台湾・台北にある台北南港展示センターでは、4月12日から自動車部品や自動車用品の展示会「TAIPEI AMPA 2023」が開催されています。自動車関連の展示会としては台湾では最大規模のイベントで、部品や用品がメインということもあり、ダンパーやブレーキパッド、オイルといった展示が大半ですが、今年は「AUTOTRONICS TAIPEI」と「2035 E-Mobility Taiwan」との併催ということもあり、EVや自動運転といった展示も多く見かけました。
あのホンハイがiPhoneに続いて、電気自動車を製造する時代が来る?
EV時代も世界の工場を担う考え
会場内の広いブースで存在感をアピールしていたのが、台湾のEMS (Electronics Manufacturing Service) 企業ホンハイ(フォックスコン)。ホンハイといえば、現在シャープの親会社であり、iPhoneの製造を担当している企業としても有名ですが、昨今は電気自動車にも力を入れています。
ブースにはBEV(バッテリーEV)の「モデルB」、「モデルC」、「モデルV」と量産仕様車3台を展示。といっても、ホンハイはスマートフォンと同じように、あくまで製造担当なので、ホンハイ自身がこれらのクルマを販売するわけではありません。いわゆるリファレンスモデルです。
ブースにはホンハイが得意とするバッテリー技術なども展示しており、高い基礎技術力をアピール。自動車メーカーによるユーザーの好みなどを取り入れた設計と、ホンハイの高い基礎技術組み合わせることで、質の高いEVが提供できるわけです。

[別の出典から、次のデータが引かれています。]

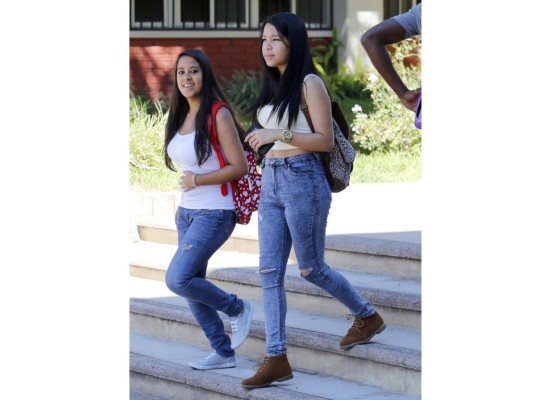 Hermosas estudiantes en regreso a clases de la UNAH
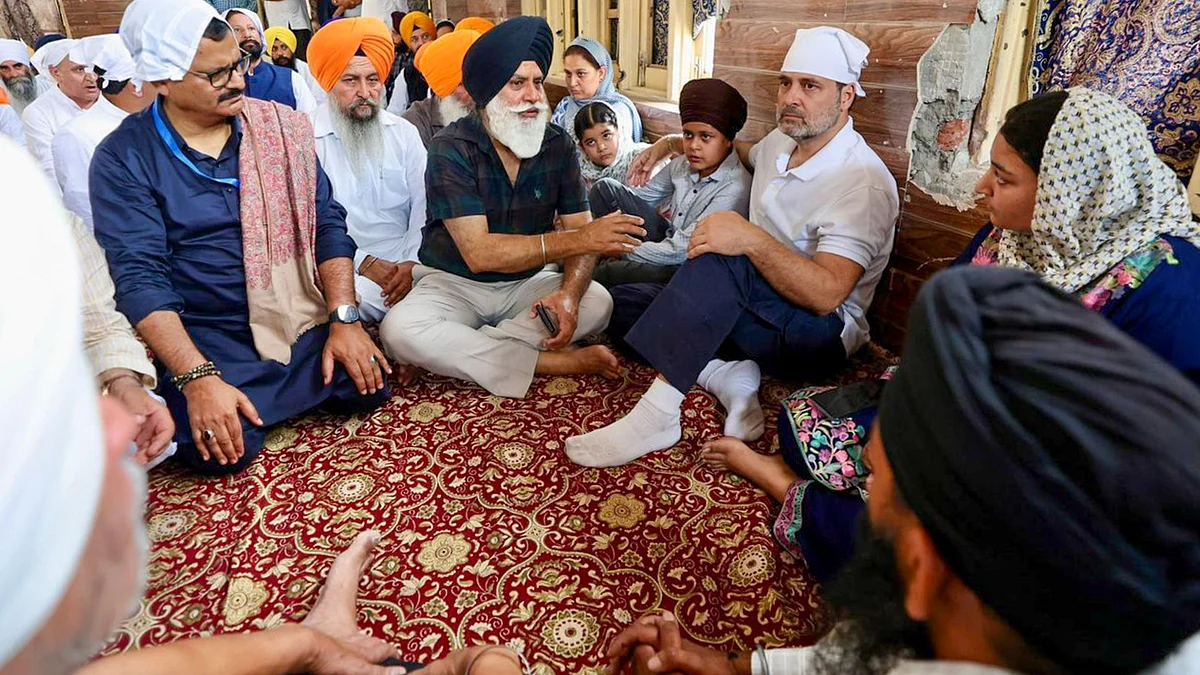 Rahul Gandhi meets bereaved families in Poonch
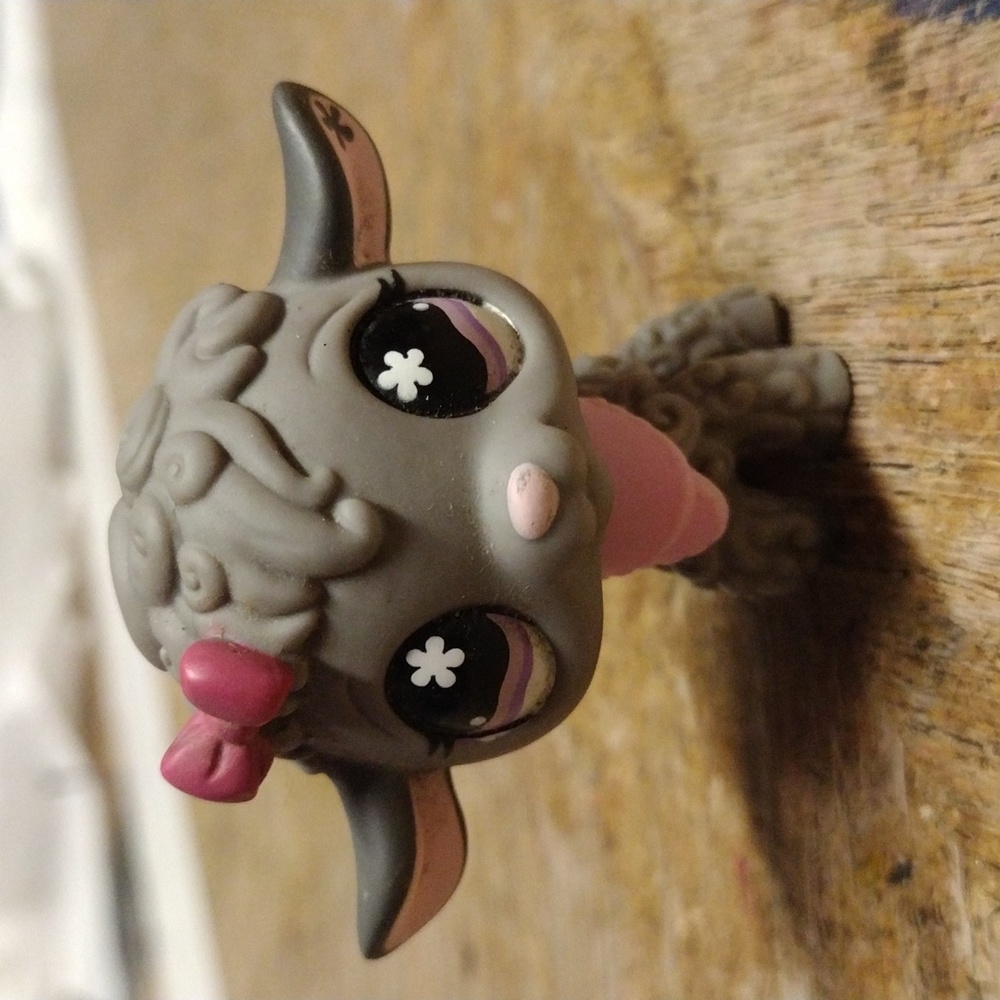 Littlest Pet Shop Sheep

これは最近のスマートフォンの作り方と同じ。実際ホンハイは、アメリカなどの新興EVメーカーと提携しEVを市場に投入しています。日本でもスマートフォンの製造能力がある大手メーカーだけでなく、スタートアップやケースメーカーといった関連業種から(実際の製造は中国のODMが担当して)製品が登場したことがありましたが、BEVも大手自動車メーカー以外から登場する可能性もあるわけです。
水素と電気を両アピールするトヨタ
トヨタは「2035 E-Mobility Taiwan」のエリアにブースを構え、FCEV(Fuel Cell Electric Vehicle/燃料電池自動車)の「ミライ」やBEVの「bZ4X」を展示。電気自動車だけでなく、FCEVも含めて次世代の自動車へ取り組んでいる同社の姿勢を改めてアピールしていました。
EVの充電スタンドは高出力競争に
電気自動車の普及で重要となるのが充電スタンド。特に高出力での充電スタンドは充電時間の短縮が可能となるため、各社の争点となっています。たとえば台湾のEV充電機器およびサプライ品メーカーのZEROVAは、シングルタイプのDC充電で最大出力480kWの対応モデル「DQ480」を発表しています。
また同じく台湾のEV充電器などを製造しているDELTAは、350kWの充電スタンドを展示。日本でも規制緩和により、200kW以上の充電スタンド設置のハードルが低くなっているので、EV側の対応も必要ではありますが、今後の高出力充電スタンドの普及に期待したいところです。
ちなみに両社とも、RFIDを使用した決済機能を搭載しており、カードやスマートフォンなどで手軽に決済できるといった点もアピールしていました。